I would like to calculate for a given column pair the difference for each customer_id
in a more dynamic way. Column pairs are always in the same order i.e. customer_id
will always be column_1
and column_3
will always be subtracted by column_2
and column_5 - column_4
and so on...
Sample df
customer_id count_sessions_q4_2021 count_sessions_q1_2022 purchases_q4_2021 purchases_q1_2022
203 100 110 12 11
484 210 215 21 18
582 409 400 35 32
Expected output_df
customer_id count_sessions_diff purchases_diff
203 10 -1
484 5 -3
582 -9 -3
This is what I have tried so far:
df.replace('null', np.nan, inplace=True)
df_2 = df.set_index('customer_id').apply(pd.to_numeric, errors='coerce')

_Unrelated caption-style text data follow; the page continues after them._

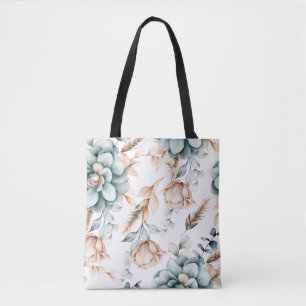 Beautiful floral seamless pattern with vintage  tote bag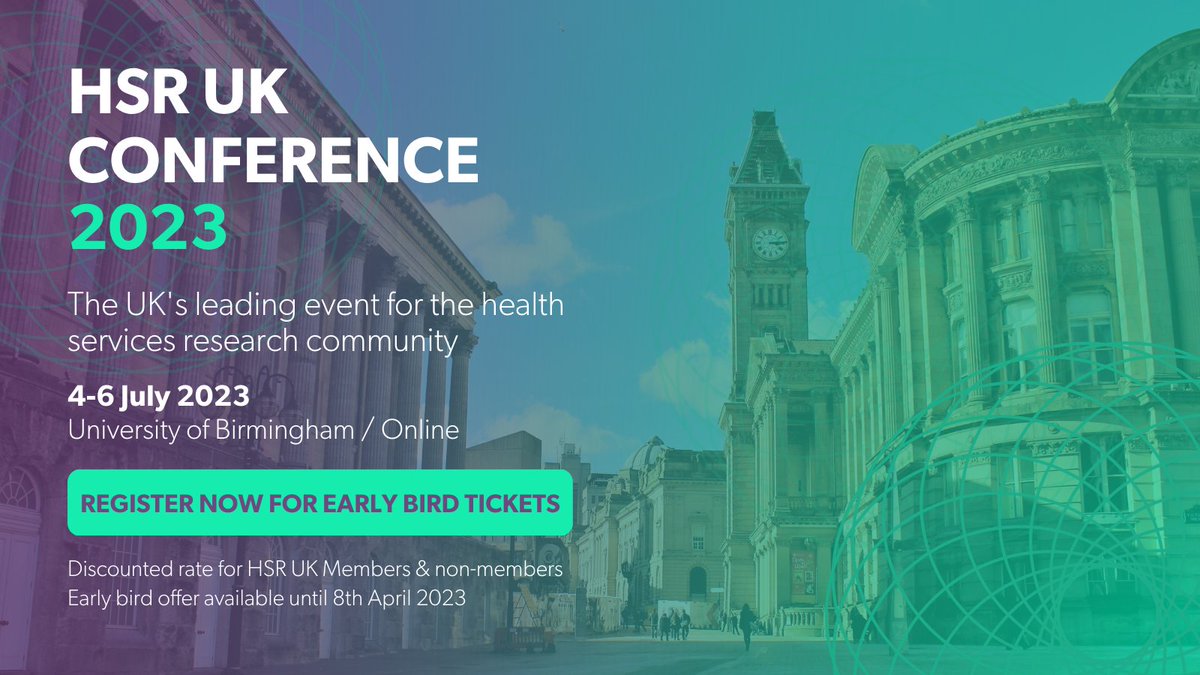 Don’t miss out on the #HSRUK Conference 2023 Early Bird tickets discounted offer! @unibirmingham & online. Featuring quality speakers, great plenary sessions & practical, interactive workshops. Register today! tinyurl.com/y4e6kbpn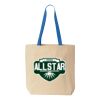 Natural Tote with Contrast-Color Handles Thumbnail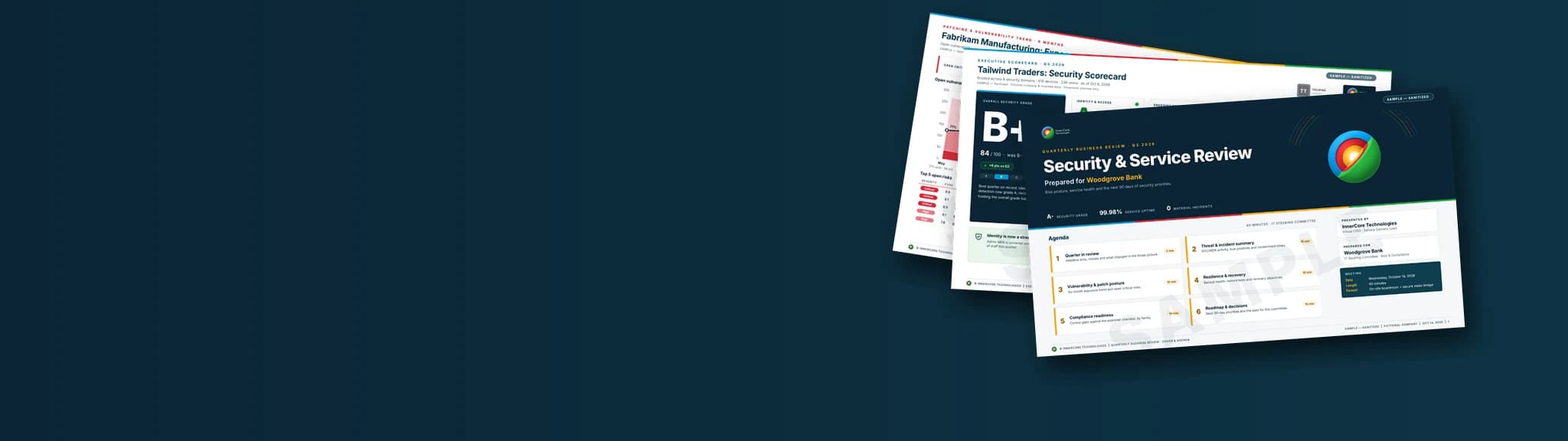 Sample InnerCore reports fanned in a stack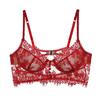 French eyelash lace underwear women's ultra-thin beautiful back sexy bra big chest small anti-sagging bra cover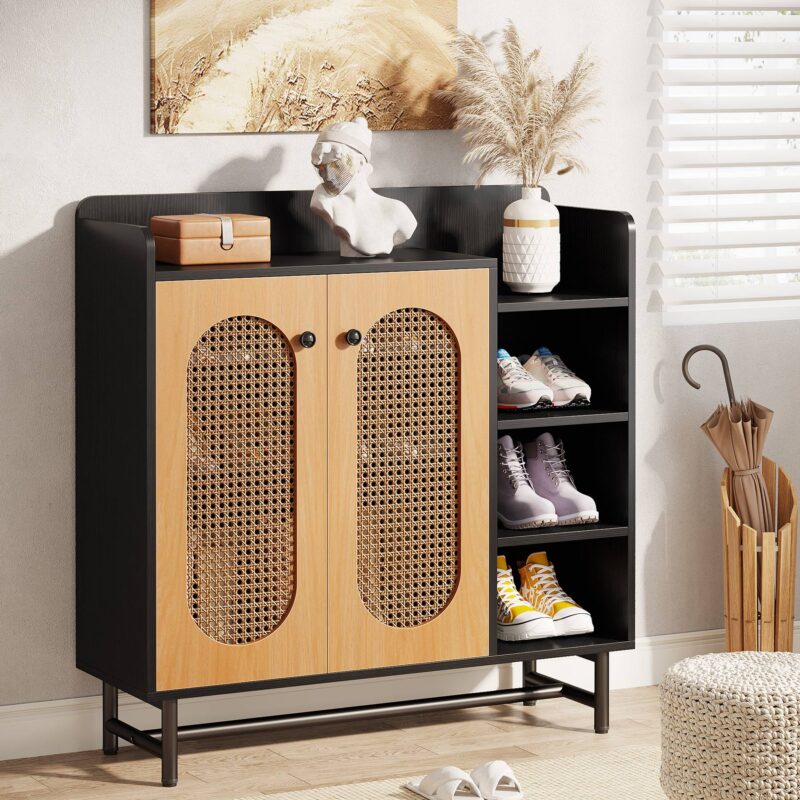 Shoe Cabinet, Rattan Shoe Storage Organizer with Doors & Open Shelves - Image 5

a = np.arange(len(df_2.columns)) // 2
s = (df_2.columns
.to_series()
.str.extract('^(.*?)\d', expand=False)
.groupby(a)
.agg('_'.join)
.add('_diff'))
df_2 = df_2.groupby(a, axis=1).diff(1).dropna(how='all', axis=1)
df_2.columns = s
but I am getting the following error:
TypeError: sequence item 0: expected str instance, float found
CodePudding user response:
MultiIndex comes in handy here, as it allows for a relatively easy way to reshape and manipulate the dataframe:
Set the customer id as index, and reshape the remaining columns into a multi index
temp = df.set_index('customer_id')
temp.columns = temp.columns.str.split(r'_(q\d )_', expand = True)
temp
count_sessions purchases
q4 q1 q4 q1
2021 2022 2021 2022
customer_id
203 100 110 12 11
484 210 215 21 18
582 409 400 35 32
Iterate through the first level of the columns in a list comprehension and compute the differences; in this case we can tell that 2022 trails 2021 for each section, so we'll multiply our outcome by -1 to flip it:
keys = temp.columns.get_level_values(0).unique()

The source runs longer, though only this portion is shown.